Ever feel like you’ve lost your reading mojo? Spending too much time consuming mediocre series on Netflix? Then this fun, female-driven narrative featuring a grifter/psych student, a terrifying serial killer, a cool and elegant femme fatale, and a handful of Las Vegas ladies is sure to get you back into the reading groove.

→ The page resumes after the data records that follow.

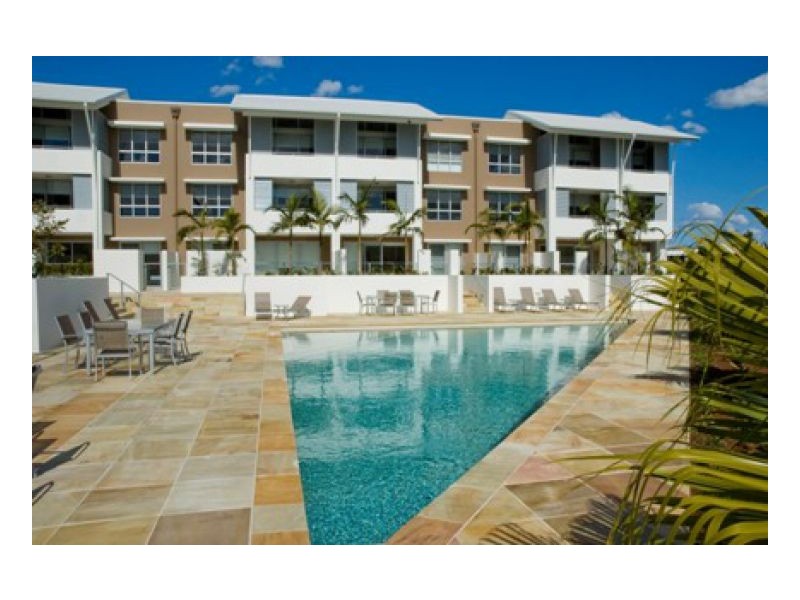 39 19 Lake Street, Varsity Lakes QLD 4227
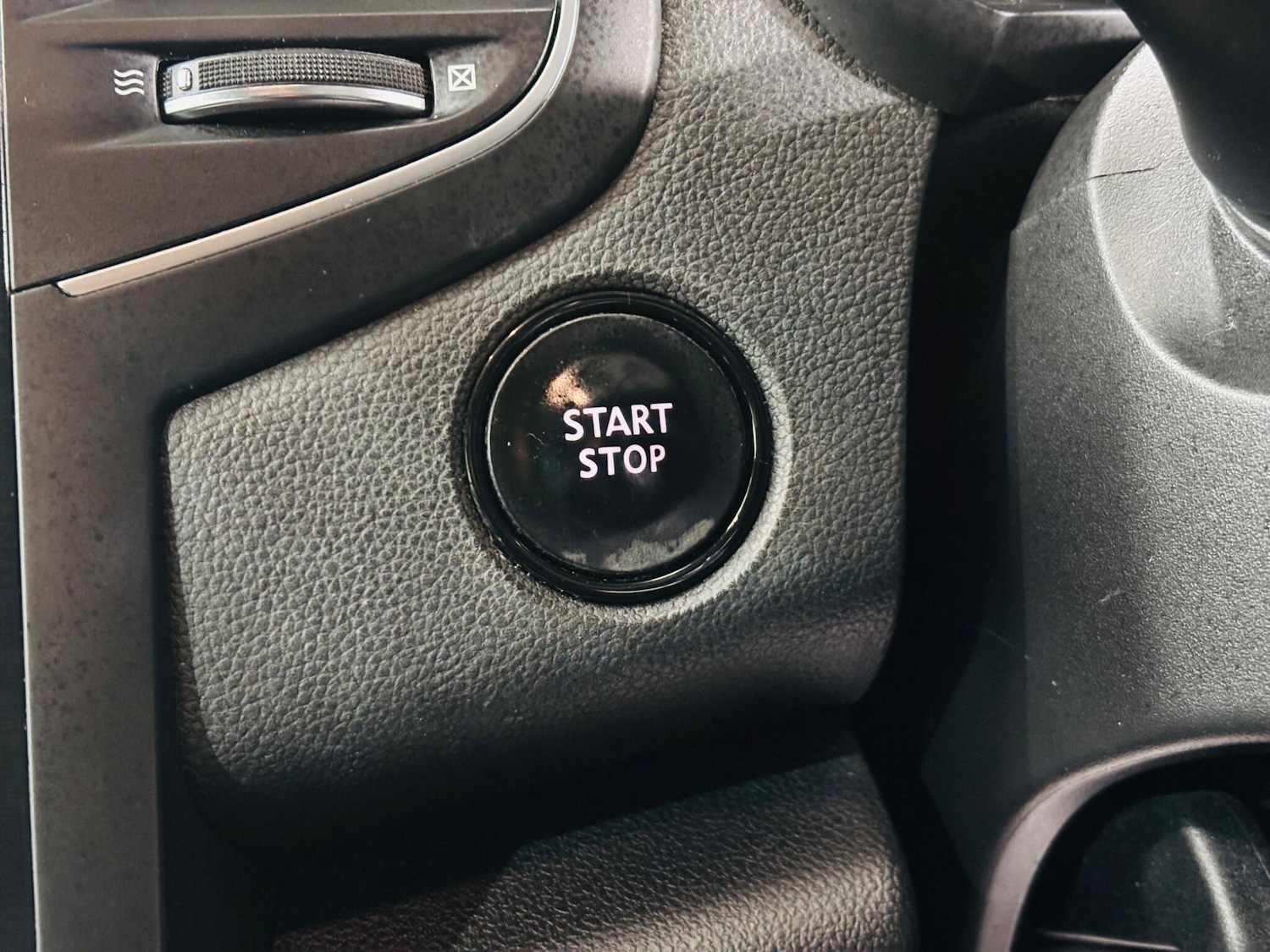 Used Renault Megane 2016 for sale - 77908466: Photo 24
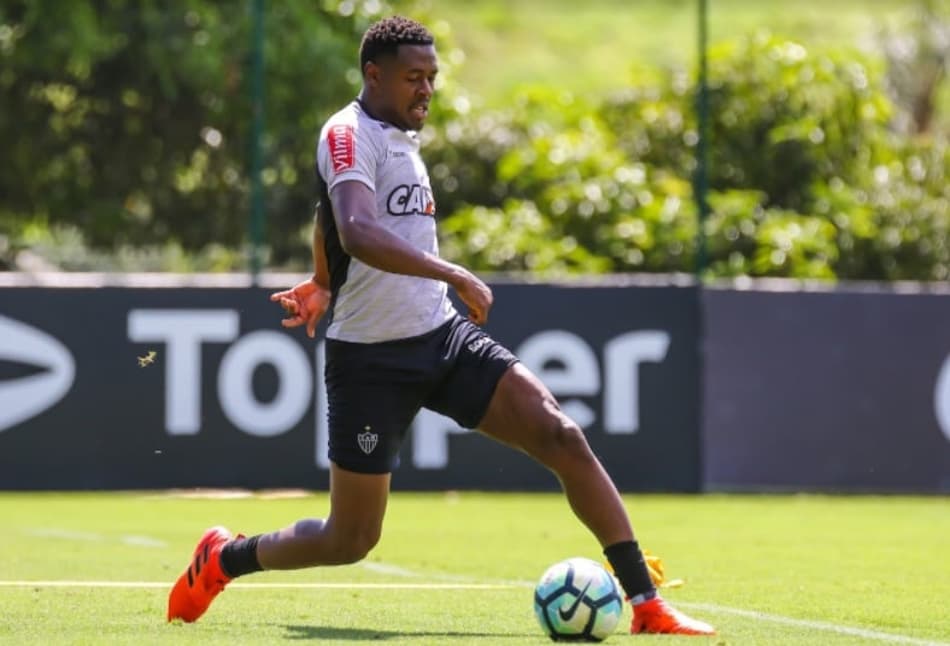Roger Bernardo acredita em avanço com a camisa do Atlético-MG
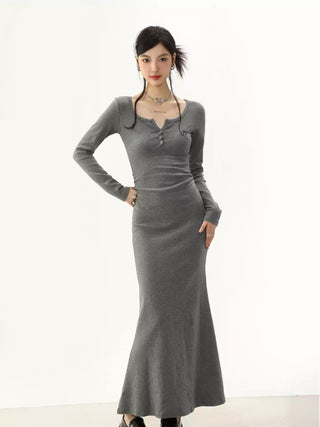 Distressed half-open collar knitted dress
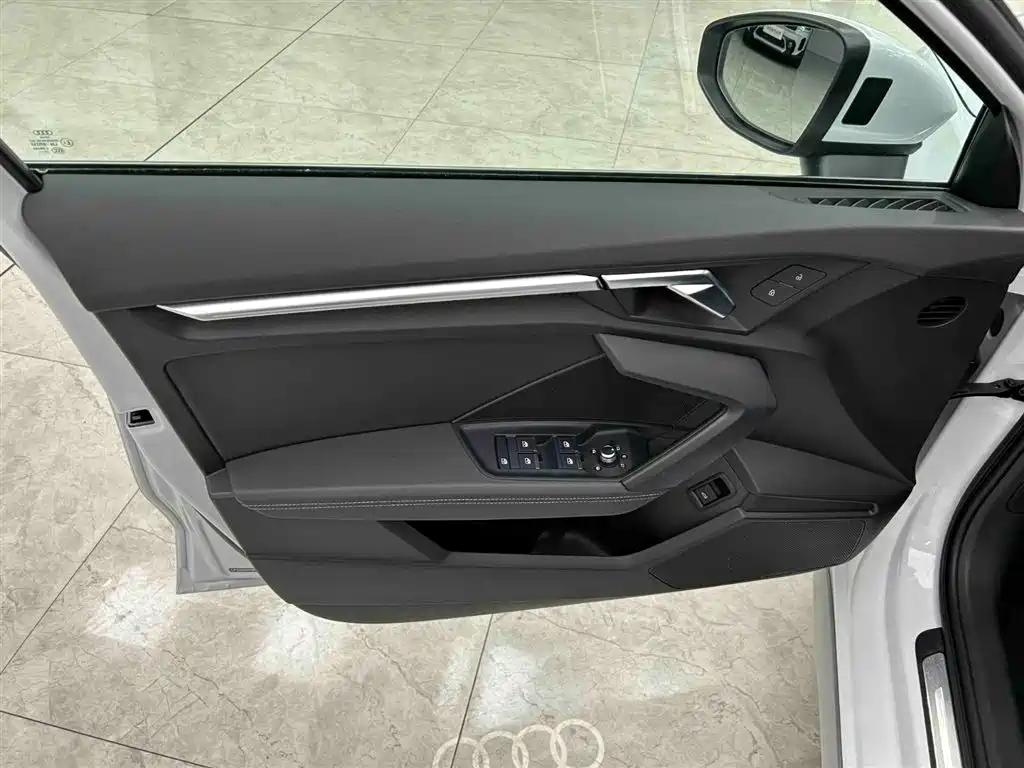 Audi A3 2023 Facelift Sportback 35 TFSI Luxury Sport фото 10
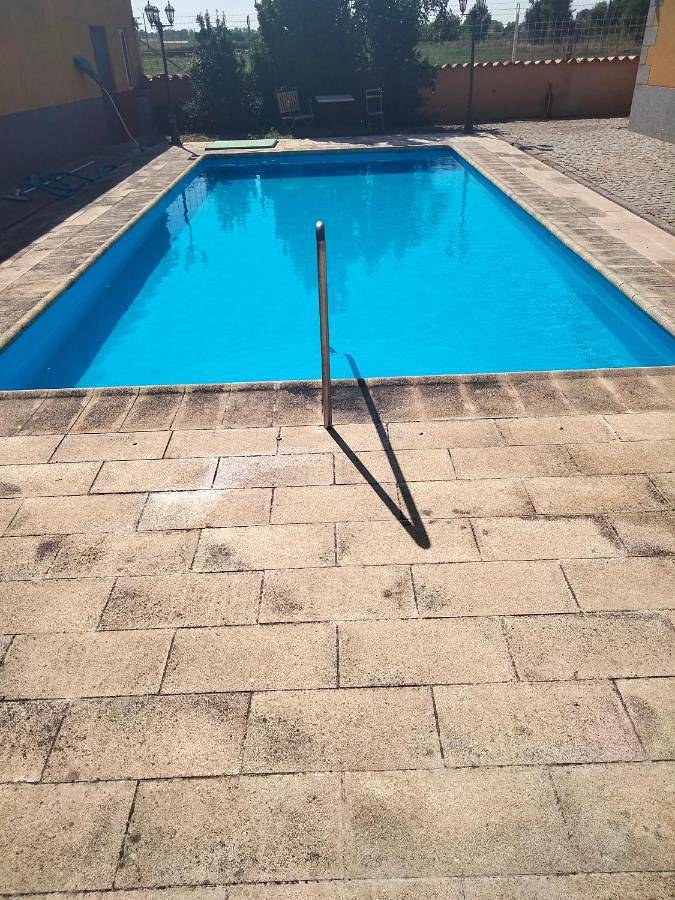 Casa de vacaciones para 8 personas, con jacuzzi además de piscina y jardín en Comarca de Ciudad Rodrigo - 3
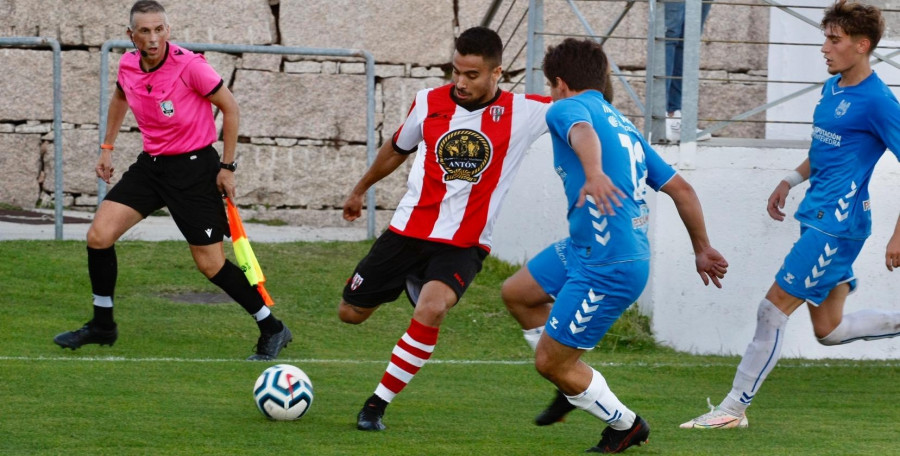 El líder Villalonga recibe  al Céltiga en el derbi  de  otra jornada muy atractiva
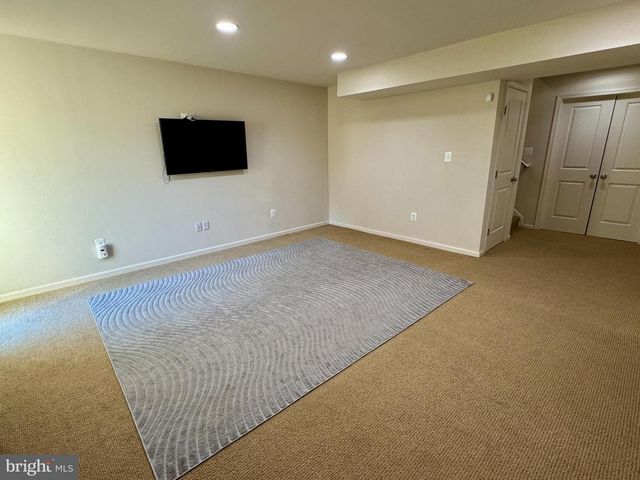 11256 MASTIFF RUN CT, Bristow, VA 20136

A serial killer is stalking Amber’s college campus, and despite all her street smarts he manages to kidnap her, dragging her off to his lair. Just when things start to get serious, Amber is liberated by this cool and aloof woman who promptly disappears. But when the cops, and then the FBI, show up, Amber gets jittery—she and law enforcement don’t mix—so she heads out of town, randomly picking Vegas. It would be foolhardy to try to summarize this story; it’s got more twists and turns than the Tour de France. Let’s just say that Amber’s voice—witty with a side of snark—is just everything, the dialogue is pumping, and the characters are, strangely enough, completely credible. And how refreshing is it to read a thriller without any male leads? Turns out you don’t miss them at all. An absolute delight from beginning to end.